Logic’s song ‘1-800-273-8255’ saved lives from suicide, study finds
Study author Thomas Niederkrotenthaler, associate professor in the department of social and preventive medicine at the College of Medicine, said: “Celebrities can also have an important role to play in suicide prevention if they communicate information. beliefs about how they cope with crisis situations and suicidal ideation. of Vienna, Austria, in an email.
Logic told CNN from the recording studio on Monday: “Really to know that my music has really impacted people’s lives, that’s what inspired me to create the song.” .
Logic said: “We did it from a really warm place in our hearts to try to help people. And the fact that it actually did that made me think.”
Using clear, powerful language, “1-800-273-8255” chronicles a young man’s struggles with suicidal thoughts. Instead of taking his life, the young man called the US National Suicide Prevention Lifeline at 1-800-273-8255. The crisis worker answering his call is represented by alternative R&B artist Alessia Cara.
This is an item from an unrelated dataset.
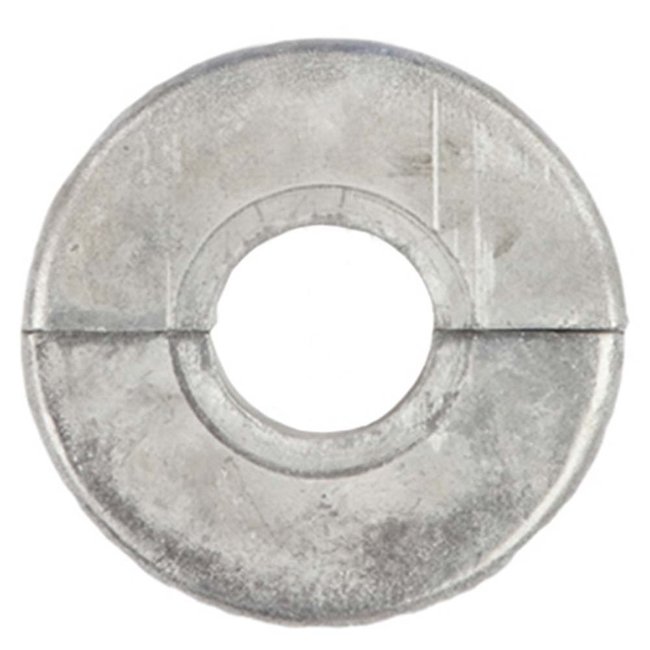 MD ZSC28 Zinc Shaft Collar Anode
Cara sings: “It’s holding up the long way, seeing the light in the darkest of things. “And when you stare at your reflection, finally knowing who it is… I know you’ll thank God that you did.”
Logic (real name Sir Robert Bryson Hall II) told CNN he experienced crippling anxiety and depression during his 2016 tour for his second album. He said he fought back by focusing on time with his wife and getting his priorities in order.
Spurred by one-on-one conversations with fans who have told him his words mean something to their happiness, he says he wrote the song a few months ago. Several celebrities took their lives and the song became a symbol of hope.
Logic told CNN: “I won’t pretend to be someone I’m not, adding that he believes people” resonates with that. They’re like, ‘Oh, this guy looks like me.’ And so I think let’s openly discuss depression and anxiety and the dark side of life… you just talk about life, people appreciate that and can relate to it.
“I think honesty is everything, and I think people in general can smell fake, right?”
Sharing his history of depression, “definitely makes his message more authentic and helps suicides identify lyrics more strongly,” says psychiatrist Alexandra Pitman, associate professor at University College London’s Department of Psychiatry, told CNN in an e-mail. She was not involved in the study.
The dangers of reporting suicide
There is a well-known phenomenon, known as the Werther effect, in which a person dies by suicide after discovering his or her friend or relative has committed suicide or seeing a depiction of the original suicide on television. or in other media.
This “mimicking” syndrome gets its name from Johann Wolfgang von Goethe’s 1774 book “The Sorrows of Young Men”, in which the young Werther took his life when he was unable to obtain a woman. I love. Multiple suicides are believed to have occurred in the regions where the book was published, leading to the book being banned in several European countries.
Recent studies by Niederkrotenthaler show that media coverage of celebrity suicides has an impact on suicide rates shortly after their death.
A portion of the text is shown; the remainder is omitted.